◆ What is being asked ◆
Carry none of the pictures over; write out the complete data exactly.

◆ Given data ◆
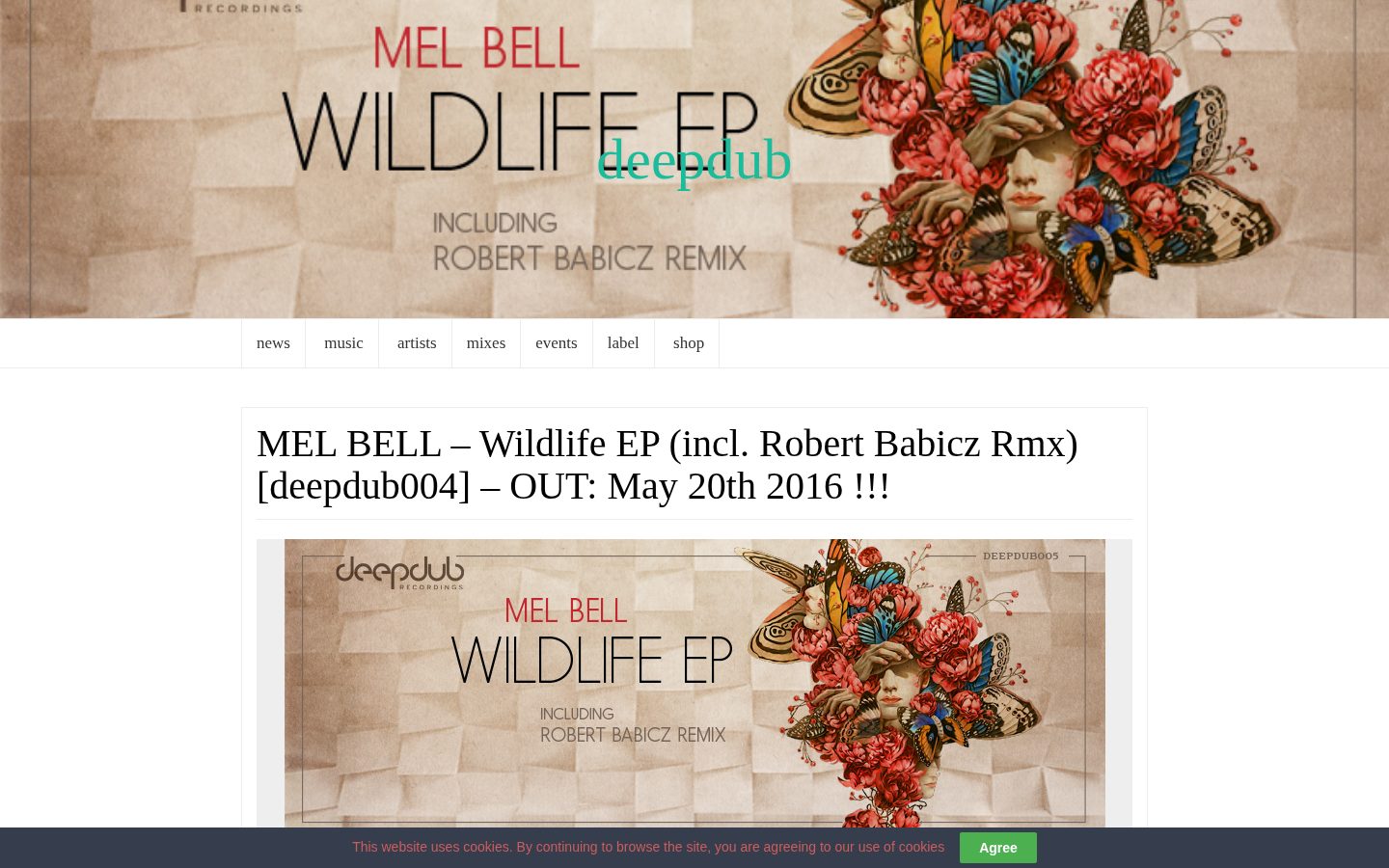 Deepdub Homepage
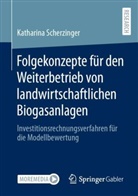 Katharina Scherzinger - Folgekonzepte für den Weiterbetrieb von landwirtschaftlichen Biogasanlagen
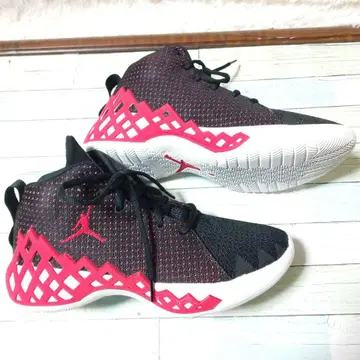 조던 트레이닝 슈즈 블랙/레드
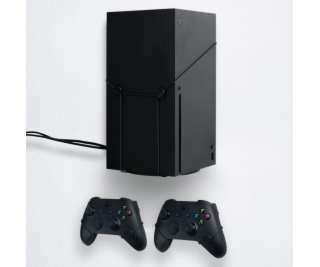 Techly Floating Grip Wandhalterung XBOXSX 2xController černý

◆ The answer ◆
 Deepdub Homepage
 Katharina Scherzinger - Folgekonzepte für den Weiterbetrieb von landwirtschaftlichen Biogasanlagen
 조던 트레이닝 슈즈 블랙/레드
 Techly Floating Grip Wandhalterung XBOXSX 2xController černý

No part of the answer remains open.